As they sat in Harkleroad's living room, Reyes read the letter she sent to the state. By the time she reached the final line — “I would like very much to say thank you and that my life very likely wouldn't have been possible without her” — the retired teacher was wiping away tears before they could roll under her mask.
Establishing a strong connection
A few weeks later on a Zoom call, the two sounded like long-lost friends as they talked about the one-hour early-morning sessions in which Harkleroad taught the young Reyes how to speak, and then read, in English.
"I would help all of my children. That's what I did,” Harkleroad says. “There are teachers out there who work very, very, very hard and are conscientious, who would have done the same thing."
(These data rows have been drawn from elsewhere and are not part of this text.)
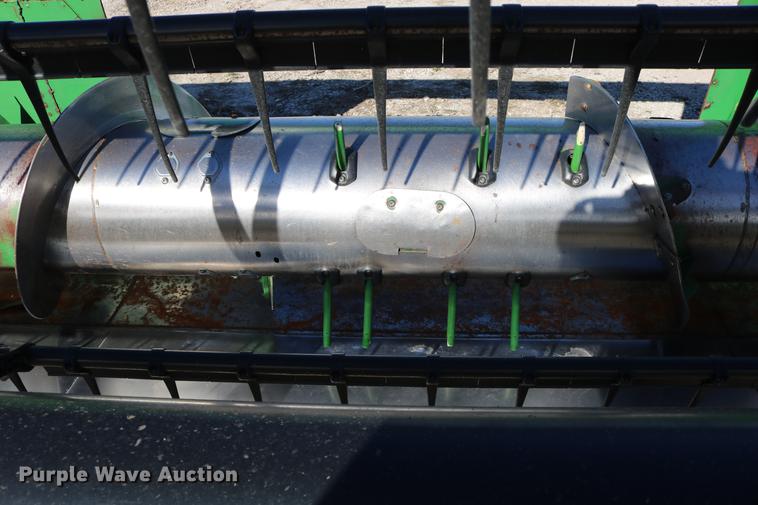 image for item DC3609 2004 John Deere 625F flex head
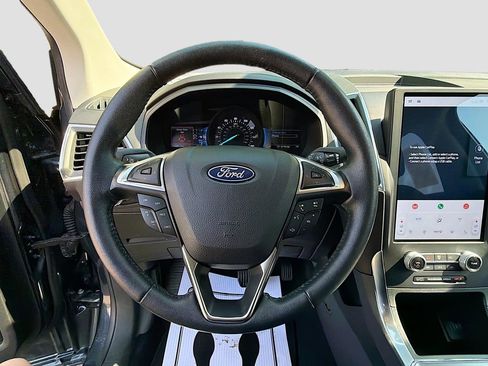 Used 2024 Ford Edge Titanium AWD/4WD image 11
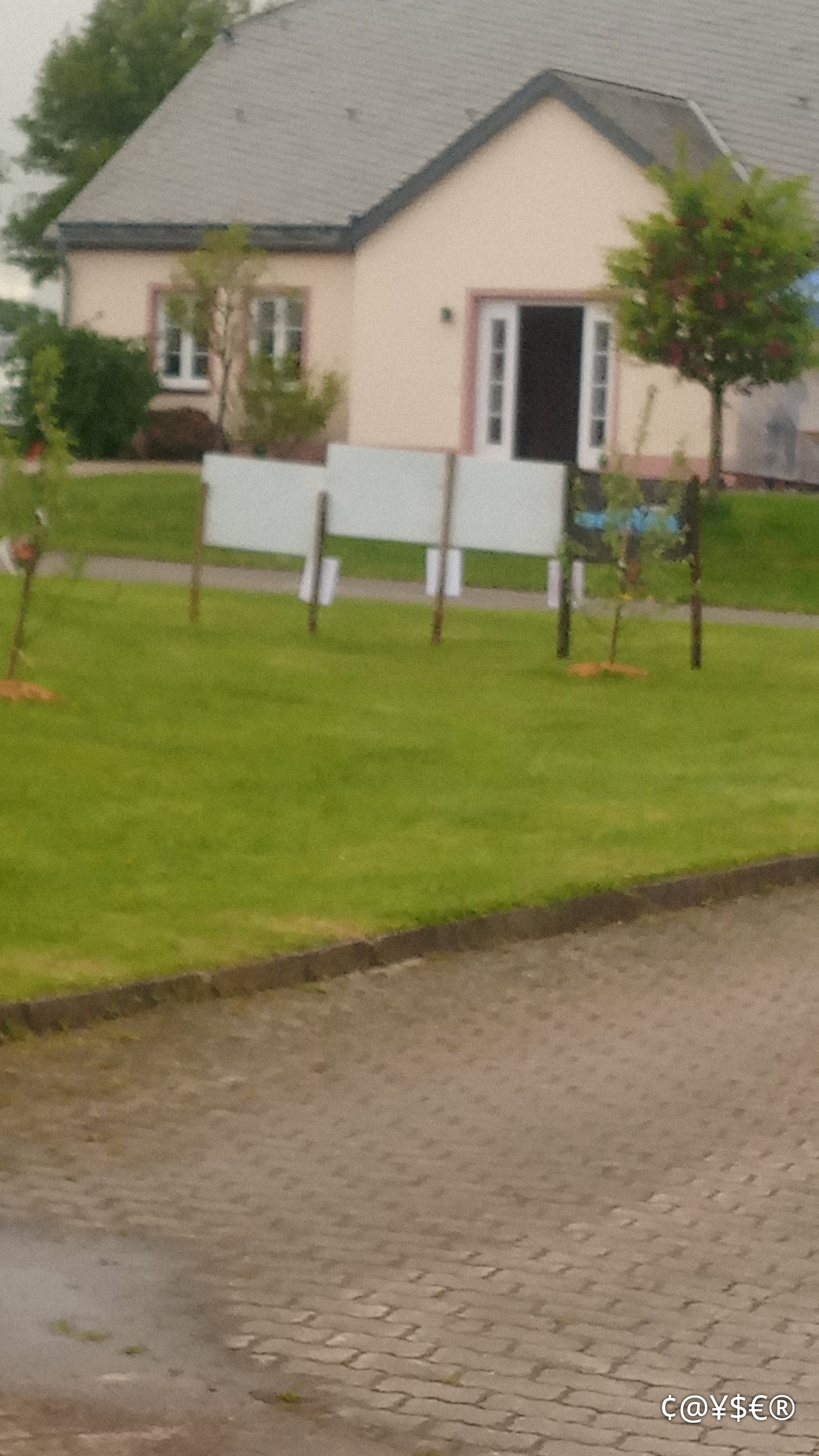 Dorfgemeinschaftshaus Oberlascheid und NEIN-Danke-Stand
In 1980, though, Louisville did not have many students like Reyes, who lived in Uruguay and Spain for the first five years of her life. Harkleroad did not have any curriculum to guide her or personal experience to draw from. She turned to her colleagues at Wilder Elementary School for advice.
"The consensus was that you start at the beginning like you would a small child — name objects, teach letters and teach colors — and do a tremendous amount of talking and reading,” Harkleroad says.
With the one-on-one attention and the focus on building knowledge slowly, Reyes began to understand English and quickly started reading, the teacher recalled.
As for Reyes, she does not remember the details of the early-morning lessons. She does recall how difficult it was to wake up for them — and how they gave her confidence.